[Items from a data source]
○ ○ ○ ○ ○ ○ ○

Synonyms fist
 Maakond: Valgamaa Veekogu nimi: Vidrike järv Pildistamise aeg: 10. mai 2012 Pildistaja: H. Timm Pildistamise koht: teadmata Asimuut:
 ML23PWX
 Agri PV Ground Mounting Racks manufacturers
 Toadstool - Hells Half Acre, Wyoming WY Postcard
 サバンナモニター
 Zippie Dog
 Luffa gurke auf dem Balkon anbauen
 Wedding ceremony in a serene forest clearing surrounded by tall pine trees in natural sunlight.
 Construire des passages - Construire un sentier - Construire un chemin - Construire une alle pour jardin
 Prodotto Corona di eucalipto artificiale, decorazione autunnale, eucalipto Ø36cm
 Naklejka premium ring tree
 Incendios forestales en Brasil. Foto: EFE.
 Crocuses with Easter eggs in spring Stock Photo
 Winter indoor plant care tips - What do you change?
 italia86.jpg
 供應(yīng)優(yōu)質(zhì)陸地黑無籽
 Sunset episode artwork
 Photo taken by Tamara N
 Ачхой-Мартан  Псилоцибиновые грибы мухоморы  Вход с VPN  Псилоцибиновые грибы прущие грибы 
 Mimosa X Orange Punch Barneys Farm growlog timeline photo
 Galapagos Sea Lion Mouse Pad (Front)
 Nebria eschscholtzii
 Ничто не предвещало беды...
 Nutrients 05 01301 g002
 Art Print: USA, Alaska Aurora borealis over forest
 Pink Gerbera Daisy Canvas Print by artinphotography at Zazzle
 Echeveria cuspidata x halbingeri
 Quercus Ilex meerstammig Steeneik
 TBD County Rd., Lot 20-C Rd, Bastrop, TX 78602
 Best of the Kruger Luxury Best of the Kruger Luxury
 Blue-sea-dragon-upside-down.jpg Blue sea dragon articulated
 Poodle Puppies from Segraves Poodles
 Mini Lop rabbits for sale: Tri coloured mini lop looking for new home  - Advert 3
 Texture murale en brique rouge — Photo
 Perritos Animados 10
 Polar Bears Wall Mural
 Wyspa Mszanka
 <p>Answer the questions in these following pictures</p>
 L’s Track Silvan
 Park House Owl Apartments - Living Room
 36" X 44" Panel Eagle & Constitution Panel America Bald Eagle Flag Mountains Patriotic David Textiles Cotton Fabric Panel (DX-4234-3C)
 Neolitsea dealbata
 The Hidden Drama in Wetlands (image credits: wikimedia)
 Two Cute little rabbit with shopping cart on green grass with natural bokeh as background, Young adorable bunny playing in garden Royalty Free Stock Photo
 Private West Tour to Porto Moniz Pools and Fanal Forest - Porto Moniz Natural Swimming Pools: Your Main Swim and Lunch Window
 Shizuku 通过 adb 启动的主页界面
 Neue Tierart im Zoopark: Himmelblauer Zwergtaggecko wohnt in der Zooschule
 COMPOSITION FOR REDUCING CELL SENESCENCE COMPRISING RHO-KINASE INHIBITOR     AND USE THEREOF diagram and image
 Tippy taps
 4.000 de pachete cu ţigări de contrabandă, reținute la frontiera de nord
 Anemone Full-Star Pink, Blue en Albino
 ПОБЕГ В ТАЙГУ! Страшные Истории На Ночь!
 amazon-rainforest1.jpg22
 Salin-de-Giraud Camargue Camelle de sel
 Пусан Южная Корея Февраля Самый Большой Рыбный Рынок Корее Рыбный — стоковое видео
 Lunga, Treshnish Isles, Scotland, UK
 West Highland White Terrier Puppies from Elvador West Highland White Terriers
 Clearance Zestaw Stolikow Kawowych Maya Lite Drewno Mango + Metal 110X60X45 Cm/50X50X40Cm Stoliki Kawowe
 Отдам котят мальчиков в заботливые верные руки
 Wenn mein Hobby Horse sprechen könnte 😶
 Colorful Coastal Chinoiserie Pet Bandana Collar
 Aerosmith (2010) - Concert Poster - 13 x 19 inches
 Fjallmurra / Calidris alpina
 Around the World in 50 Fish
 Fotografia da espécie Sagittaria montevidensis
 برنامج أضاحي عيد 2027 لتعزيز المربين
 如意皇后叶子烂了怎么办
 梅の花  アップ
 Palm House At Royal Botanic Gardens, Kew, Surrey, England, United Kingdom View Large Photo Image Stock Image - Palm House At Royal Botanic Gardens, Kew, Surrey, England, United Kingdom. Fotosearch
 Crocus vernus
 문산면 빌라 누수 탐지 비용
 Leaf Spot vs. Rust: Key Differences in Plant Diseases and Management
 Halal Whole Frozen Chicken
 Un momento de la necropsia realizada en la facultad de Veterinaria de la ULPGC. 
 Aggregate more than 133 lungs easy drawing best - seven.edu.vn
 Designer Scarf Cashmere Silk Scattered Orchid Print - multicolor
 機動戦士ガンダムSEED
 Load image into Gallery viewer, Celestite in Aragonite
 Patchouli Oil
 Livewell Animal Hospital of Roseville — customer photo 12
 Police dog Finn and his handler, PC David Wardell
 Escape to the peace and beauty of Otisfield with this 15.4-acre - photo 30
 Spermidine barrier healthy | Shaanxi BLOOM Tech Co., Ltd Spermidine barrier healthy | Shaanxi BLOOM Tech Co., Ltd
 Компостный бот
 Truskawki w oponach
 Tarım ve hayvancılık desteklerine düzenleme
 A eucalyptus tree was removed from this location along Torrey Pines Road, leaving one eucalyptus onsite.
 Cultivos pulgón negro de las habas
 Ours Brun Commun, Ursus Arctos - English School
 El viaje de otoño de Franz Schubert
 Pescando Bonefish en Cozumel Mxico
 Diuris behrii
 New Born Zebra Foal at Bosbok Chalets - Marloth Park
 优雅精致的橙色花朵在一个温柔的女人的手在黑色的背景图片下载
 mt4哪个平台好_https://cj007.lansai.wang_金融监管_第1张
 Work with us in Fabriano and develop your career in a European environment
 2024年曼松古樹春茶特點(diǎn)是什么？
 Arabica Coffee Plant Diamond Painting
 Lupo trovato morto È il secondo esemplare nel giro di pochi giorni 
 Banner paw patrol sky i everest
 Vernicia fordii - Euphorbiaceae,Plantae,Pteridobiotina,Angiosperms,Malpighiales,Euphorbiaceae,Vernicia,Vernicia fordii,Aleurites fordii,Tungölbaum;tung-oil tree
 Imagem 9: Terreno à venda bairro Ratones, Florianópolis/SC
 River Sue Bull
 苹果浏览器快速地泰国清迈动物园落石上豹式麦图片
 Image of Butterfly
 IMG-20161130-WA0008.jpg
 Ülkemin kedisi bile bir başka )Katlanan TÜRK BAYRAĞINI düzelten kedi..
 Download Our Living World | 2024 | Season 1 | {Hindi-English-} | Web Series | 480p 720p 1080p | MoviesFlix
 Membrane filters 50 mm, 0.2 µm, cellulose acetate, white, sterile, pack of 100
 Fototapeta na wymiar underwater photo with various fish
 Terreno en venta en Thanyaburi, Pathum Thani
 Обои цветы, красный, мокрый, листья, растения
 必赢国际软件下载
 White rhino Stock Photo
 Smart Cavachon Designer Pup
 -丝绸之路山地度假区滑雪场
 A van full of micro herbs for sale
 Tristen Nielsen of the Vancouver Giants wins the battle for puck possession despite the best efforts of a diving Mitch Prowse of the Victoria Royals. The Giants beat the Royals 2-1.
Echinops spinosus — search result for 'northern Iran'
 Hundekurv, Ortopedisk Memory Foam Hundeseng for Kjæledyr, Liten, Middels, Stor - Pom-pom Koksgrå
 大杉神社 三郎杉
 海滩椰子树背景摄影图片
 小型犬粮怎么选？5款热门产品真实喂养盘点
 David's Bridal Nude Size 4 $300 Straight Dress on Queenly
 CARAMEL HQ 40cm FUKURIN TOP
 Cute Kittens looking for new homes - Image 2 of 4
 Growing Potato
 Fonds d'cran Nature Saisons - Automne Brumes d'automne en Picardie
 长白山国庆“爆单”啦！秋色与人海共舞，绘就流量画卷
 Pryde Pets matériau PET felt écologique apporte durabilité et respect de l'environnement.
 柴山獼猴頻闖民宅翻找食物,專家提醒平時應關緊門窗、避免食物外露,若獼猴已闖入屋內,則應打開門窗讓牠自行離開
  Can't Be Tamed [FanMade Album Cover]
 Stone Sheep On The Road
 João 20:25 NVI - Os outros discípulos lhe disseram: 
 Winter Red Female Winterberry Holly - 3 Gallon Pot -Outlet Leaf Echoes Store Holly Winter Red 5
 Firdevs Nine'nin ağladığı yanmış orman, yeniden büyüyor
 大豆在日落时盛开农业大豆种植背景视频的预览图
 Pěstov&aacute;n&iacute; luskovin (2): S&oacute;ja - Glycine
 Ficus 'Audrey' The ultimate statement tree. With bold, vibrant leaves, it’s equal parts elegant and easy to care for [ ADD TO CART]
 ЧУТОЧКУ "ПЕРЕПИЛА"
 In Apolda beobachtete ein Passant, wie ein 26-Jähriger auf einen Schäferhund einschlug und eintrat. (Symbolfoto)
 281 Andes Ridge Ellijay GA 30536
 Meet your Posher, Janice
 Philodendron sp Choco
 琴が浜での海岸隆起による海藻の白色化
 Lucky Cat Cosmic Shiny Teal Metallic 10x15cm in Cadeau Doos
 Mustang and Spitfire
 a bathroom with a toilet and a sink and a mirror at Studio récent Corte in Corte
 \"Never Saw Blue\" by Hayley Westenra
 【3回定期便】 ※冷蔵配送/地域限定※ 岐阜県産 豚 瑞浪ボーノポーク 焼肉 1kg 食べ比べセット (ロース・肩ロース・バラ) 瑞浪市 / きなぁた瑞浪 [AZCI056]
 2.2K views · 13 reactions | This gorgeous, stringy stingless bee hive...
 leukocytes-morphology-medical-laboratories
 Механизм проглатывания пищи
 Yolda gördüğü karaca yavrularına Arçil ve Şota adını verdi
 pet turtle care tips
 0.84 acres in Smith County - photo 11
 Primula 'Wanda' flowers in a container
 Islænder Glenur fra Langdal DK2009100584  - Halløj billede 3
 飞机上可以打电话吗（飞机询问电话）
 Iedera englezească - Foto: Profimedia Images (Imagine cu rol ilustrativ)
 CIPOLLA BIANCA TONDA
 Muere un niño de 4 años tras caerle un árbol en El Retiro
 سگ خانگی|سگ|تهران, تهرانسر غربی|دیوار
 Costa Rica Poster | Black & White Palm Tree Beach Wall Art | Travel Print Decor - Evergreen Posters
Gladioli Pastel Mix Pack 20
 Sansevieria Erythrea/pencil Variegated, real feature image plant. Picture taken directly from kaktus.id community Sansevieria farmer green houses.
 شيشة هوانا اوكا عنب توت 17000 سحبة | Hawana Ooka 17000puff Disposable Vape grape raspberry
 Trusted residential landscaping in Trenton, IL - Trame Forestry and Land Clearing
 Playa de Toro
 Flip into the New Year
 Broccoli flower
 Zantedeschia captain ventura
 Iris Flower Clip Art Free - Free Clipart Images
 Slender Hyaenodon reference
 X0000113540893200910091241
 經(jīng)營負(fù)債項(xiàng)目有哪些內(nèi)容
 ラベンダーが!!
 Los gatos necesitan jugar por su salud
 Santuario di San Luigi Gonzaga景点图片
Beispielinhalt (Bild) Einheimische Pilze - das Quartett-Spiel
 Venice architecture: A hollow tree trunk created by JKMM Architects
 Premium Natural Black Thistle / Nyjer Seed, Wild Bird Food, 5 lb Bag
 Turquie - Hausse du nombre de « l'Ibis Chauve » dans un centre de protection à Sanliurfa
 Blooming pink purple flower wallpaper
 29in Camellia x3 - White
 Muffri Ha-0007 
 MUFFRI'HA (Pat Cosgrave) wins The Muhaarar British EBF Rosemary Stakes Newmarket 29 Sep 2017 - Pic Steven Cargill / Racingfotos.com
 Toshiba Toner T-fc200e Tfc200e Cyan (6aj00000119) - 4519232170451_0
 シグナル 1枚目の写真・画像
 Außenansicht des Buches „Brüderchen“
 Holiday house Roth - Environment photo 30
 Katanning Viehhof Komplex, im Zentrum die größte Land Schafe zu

○ ○ ○ ○ ○ ○ ○

▶ Exercise description: All lines above that include the word "Black" should be located and copied.

▶ Response to this exercise:
 Costa Rica Poster | Black & White Palm Tree Beach Wall Art | Travel Print Decor - Evergreen Posters
 Premium Natural Black Thistle / Nyjer Seed, Wild Bird Food, 5 lb Bag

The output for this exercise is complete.